Cover
Titel
Moscow Stories.


Autor(en)
Graham, Loren R.
Erschienen
Anzahl Seiten
320 S.
Preis
€ 25,50
Rezensiert für H-Soz-Kult von
Markus Ackeret, Moskau

Für viele Auslandskorrespondenten ist die Versuchung groß, zum Abschluss jahrelanger Beschäftigung mit einem Land oder einer Region ein bilanzierendes Buch zu veröffentlichen. Manch einem Diplomaten geht es nicht anders. Selten jedoch ist es, dass ein Wissenschaftler in einem Band seine Erfahrungen als Forscher und Brückenbauer zwischen unterschiedlichen Lebens- und Wissenschaftswelten einem breiteren Publikum anvertraut und jenseits seiner engeren Forschungsinteressen über das Land und über die Menschen und Orte schreibt, die ihn ein Wissenschaftlerleben lang begleitet haben. Der amerikanische Wissenschaftshistoriker und Russland-Spezialist Loren R. Graham hat es getan.

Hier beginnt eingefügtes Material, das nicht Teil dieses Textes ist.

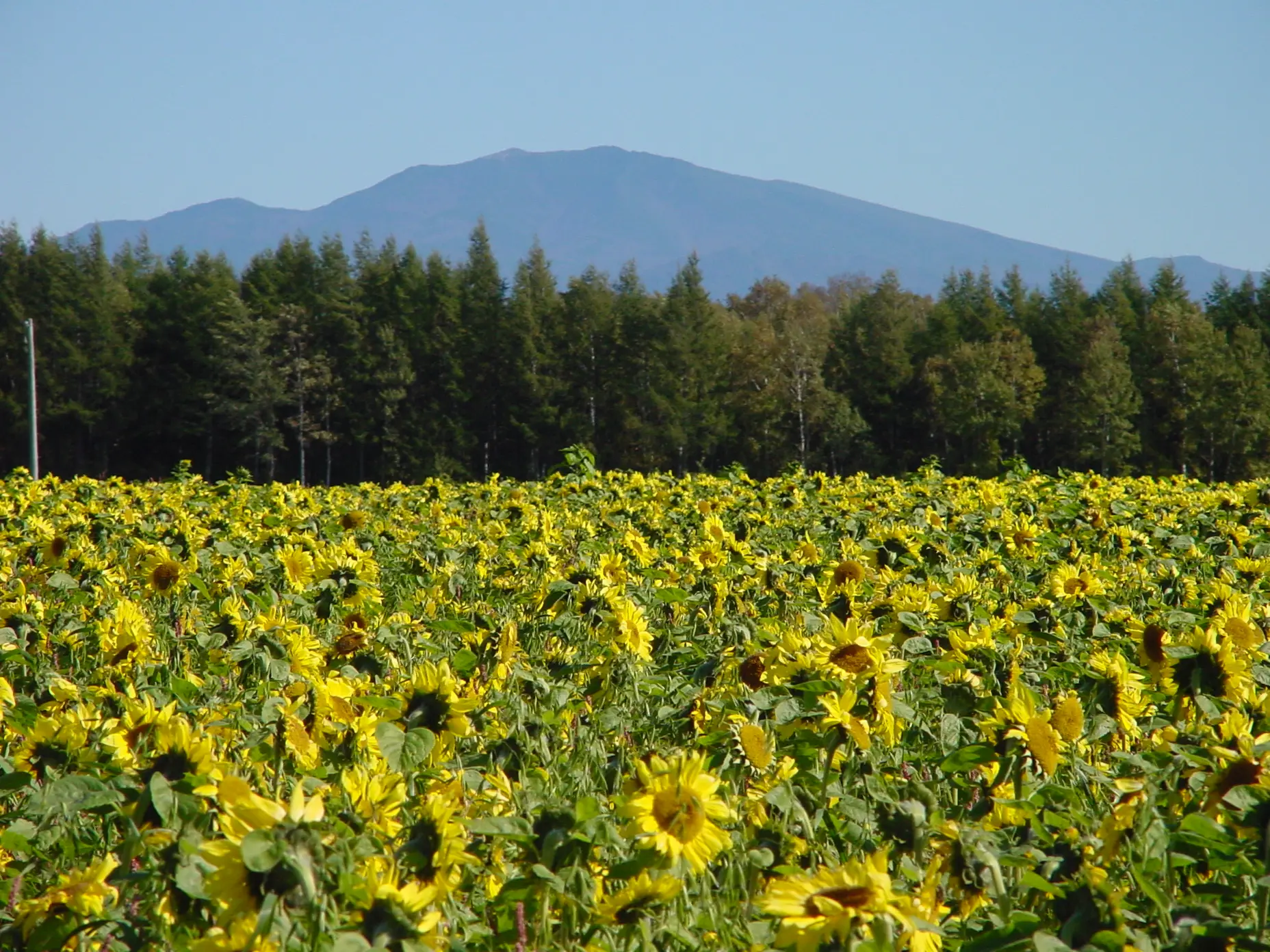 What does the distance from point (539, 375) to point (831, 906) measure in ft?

Sein Buch mit dem Titel „Moscow Stories“ ist kein wissenschaftliches Werk. Ein analytischer roter Faden fehlt ihm ebenso wie eine präzise Fragestellung. Der rote Faden ist das Wissenschaftlerleben des Autors, der von Anfang an nicht zögert, dem Leser die Einzigartigkeit seiner Erfahrungen bewusst zu machen. Darin liegt er, wenn seinen Schilderungen auch eine gewisse Eitelkeit nicht fehlt, sicherlich nicht falsch. Nicht viele Zeitgenossen stehen seit fast fünfzig Jahren in derart intensivem Austausch mit Russland (und einst mit der Sowjetunion); nur wenige waren und sind mit der sowjetischen und russischen Wissenschaft so sehr vertraut wie er. Grahams Buch gibt aber nicht nur einen Einblick in den sowjetischen Alltag zwischen dem Ende der fünfziger Jahre und dem Zusammenbruch des Imperiums und in die Struktur der Wissenschaftswelt jener Zeit, sondern auch in die für jüngere Generationen zuweilen absurd anmutenden Versteck- und Ränkespiele zu Zeiten des Kalten Krieges. „Moscow Stories“ ist in diesem Sinne auch ein Buch über die Verflechtungen und Schranken zwischen den Supermächten, ein Buch über die USA ebenso wie über die Sowjetunion und Russland.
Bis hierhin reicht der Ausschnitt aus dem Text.